During compression, this program reformats raster files using a run-length-encoding (RLE) algorithm. Raster map layers which contain very little information (such as boundary, geology, soils and land use maps) can be greatly reduced in size. Some raster map layers are shrunk to roughly 1% of their original sizes. Raster map layers containing complex images such as elevation and photo or satellite images may increase slightly in size. GRASS uses a new compressed format, and all new raster files are now automatically stored in compressed form (see FORMATS below). GRASS programs can read both compressed and regular (uncompressed) file formats. This allows the use of whichever raster data format consumes less space.
As an example, the Spearfish data base raster map layer owner was originally a size of 26600 bytes. After it was compressed, the raster file became only 1249 bytes (25351 bytes smaller).
Raster files may be decompressed to return them to their original format, using the -u option of r.compress. If r.compress is asked to compress a raster file which is already compressed (or to decompress an already decompressed file), it simply informs the user of this and asks the user if he wishes to perform the reverse operation.
If the user simply types r.compress without specifying any map layer name(s) on the command line, r.compress will prompt the user for the names of the map layers to be compressed/decompressed, and ask whether these maps are to be compressed or decompressed. This program interface is the standard GRASS parser interface.
The decompressed raster file format matches the conceptual format. For example, a raster file with 1 byte cells that is 100 rows with 200 cells per row, consists of 20,000 bytes. Running the UNIX command ls -l on this file will show a size of 20,000. If the cells were 2 byte cells, the file would require 40,000 bytes. The map layer category values start with the upper left corner cell followed by the other cells along the northern boundary. The byte following the last byte of that first row is the first cell of the second row of category values (moving from left to right). There are no end-of-row markers or other syncing codes in the raster file. A cell header file (cellhd) is used to define how this string of bytes is broken up into rows of category values.
The compressed format is not so simple, but is quite elegant in its design. It not only requires less disk space to store the raster data, but often can result in faster execution of graphic and analysis programs since there is less disk I/O. There are two compressed formats: the pre-version 3.0 format (which GRASS programs can read but no longer produce), and the version 3.0 format (which is automatically used when new raster map layers are created).

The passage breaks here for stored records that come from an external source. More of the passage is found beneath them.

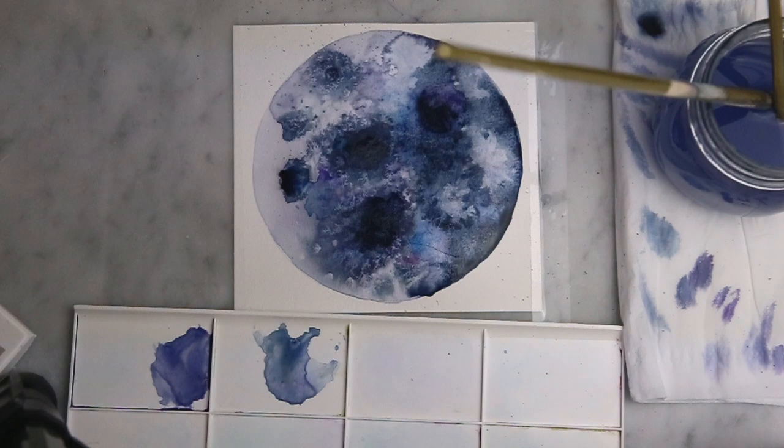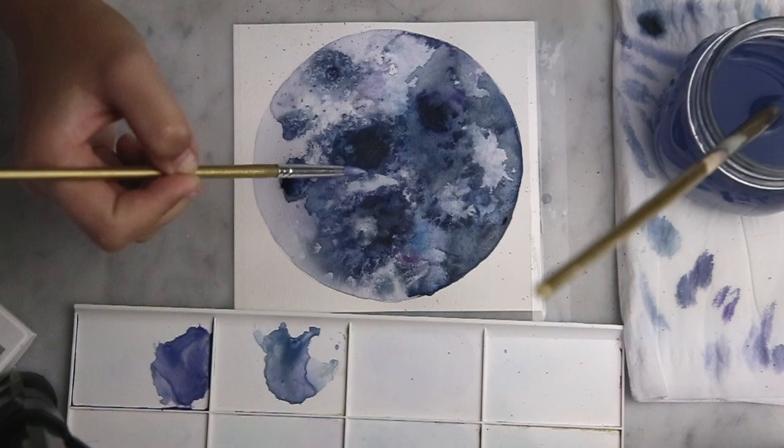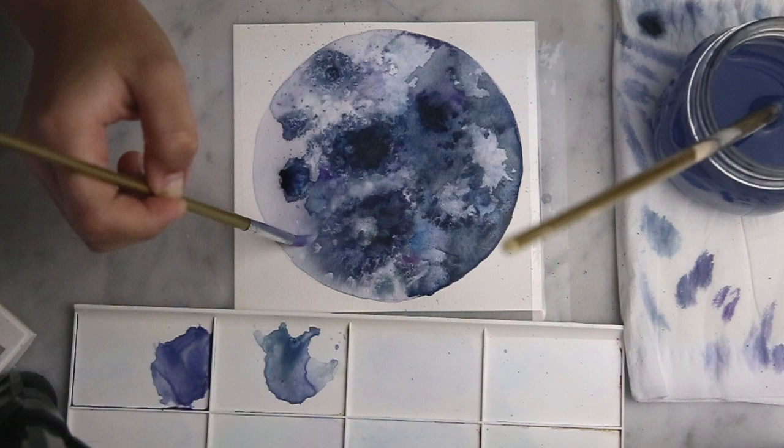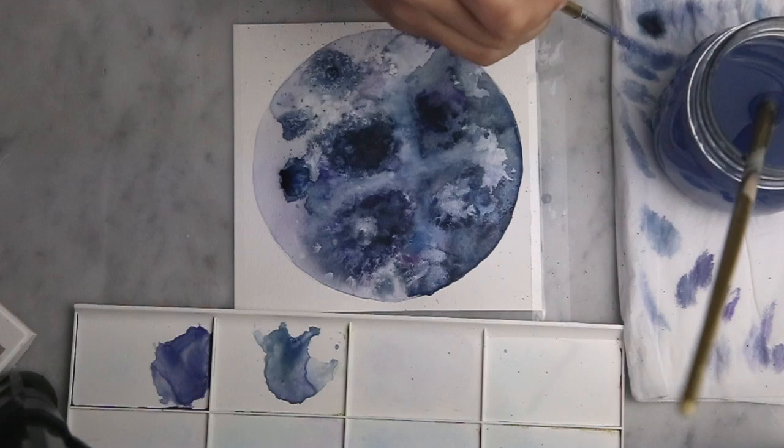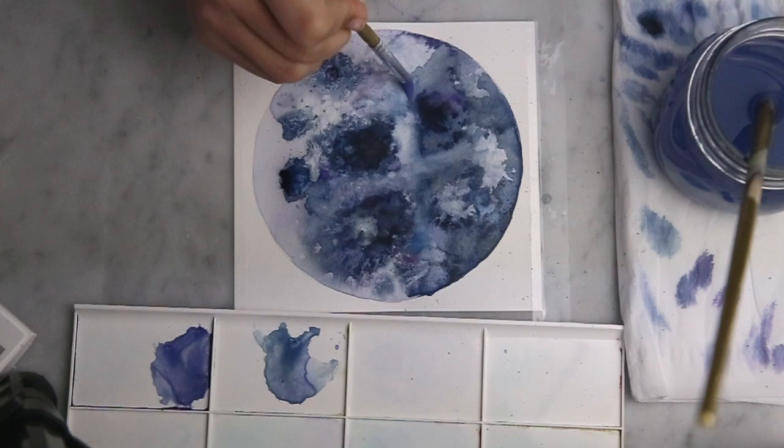I'm just going in with some white watercolour paint now. This adds a nice and subtle translucent layering effect. I'm focusing this in the areas around the craters as it makes the craters appear deeper. And now I'm going back in with a clean dry brush which helps to really accentuate the whites in the highlighted areas.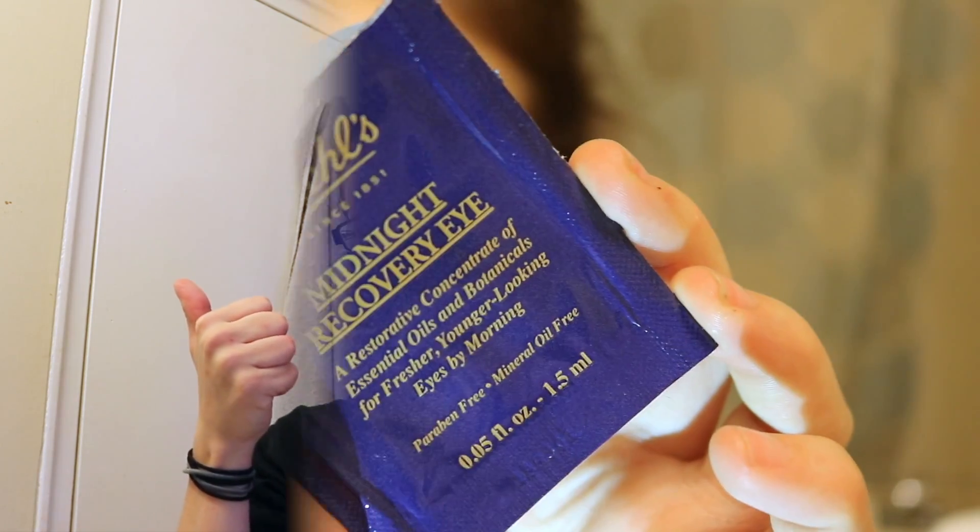The next thing I'm going to do is not part of my everyday skincare routine, but I do it a couple times a week. I'm gonna be using this midnight eye recovery — just putting that under my eye. I usually put this on right before I go to bed and it really helps to brighten my eyes if I'm feeling tired the next day.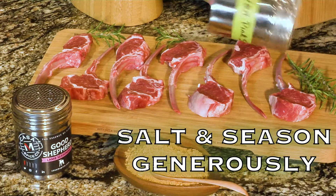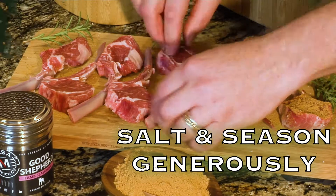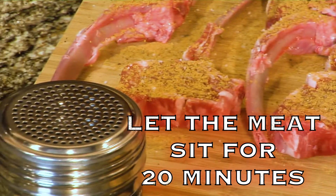Next, sprinkle each side with salt and a generous amount of your favorite seasoning. Allow the meat to sit so the spices adhere before you toss them on the grill.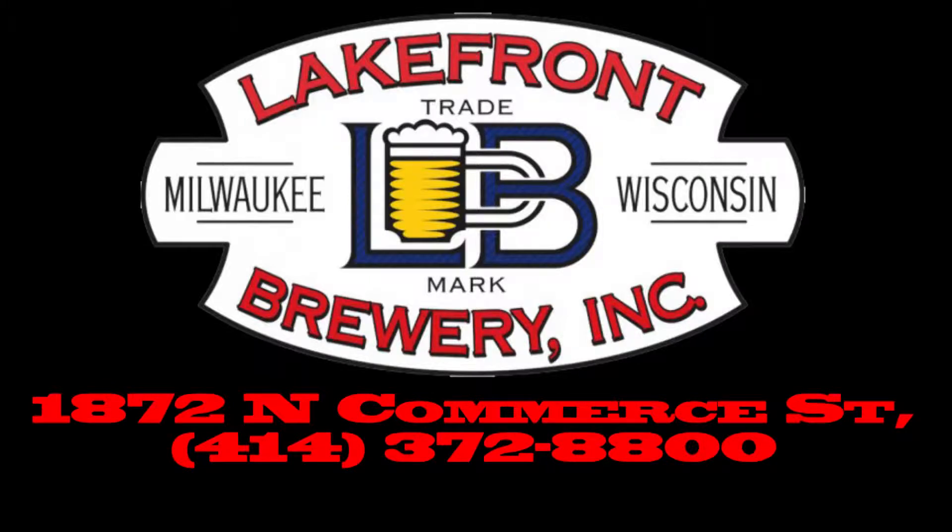Hey everybody, Ryan here again at Blackshirt Beer Review. We're at Lakefront Brewing Company in Milwaukee. We're getting yelled at to start the brew tour, so let's go!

Address array (long) - array (size of the number of rows + 1) of addresses pointing to the internal start of each row. Because each row may be a different size, this array is necessary to provide a mapping of the data.
Row by row, beginning at the northern edge of the data, a series of byte groups describes the data. The number of bytes in each group is the number of bytes per cell plus one. The first byte of each group gives a count (up to 255) of the number of cells that contain the category values given by the remaining bytes of the group.
The address array is the same.
The RLE format is the same as the pre-3.0 RLE, except that each row of data is preceded by a single byte containing the number of bytes per cell for the row, and if run-length-encoding the row would not require less space than non-run-length-encoding, then the row is not encoded.
These improvements give better compression than the pre-3.0 format in 99% of the raster data layers. The kinds of raster data layers which get bigger are those in which each row would be larger if compressed (e.g., imagery band files). But even in this case the raster data layer would only be larger by the size of the address array and the single byte preceding each row.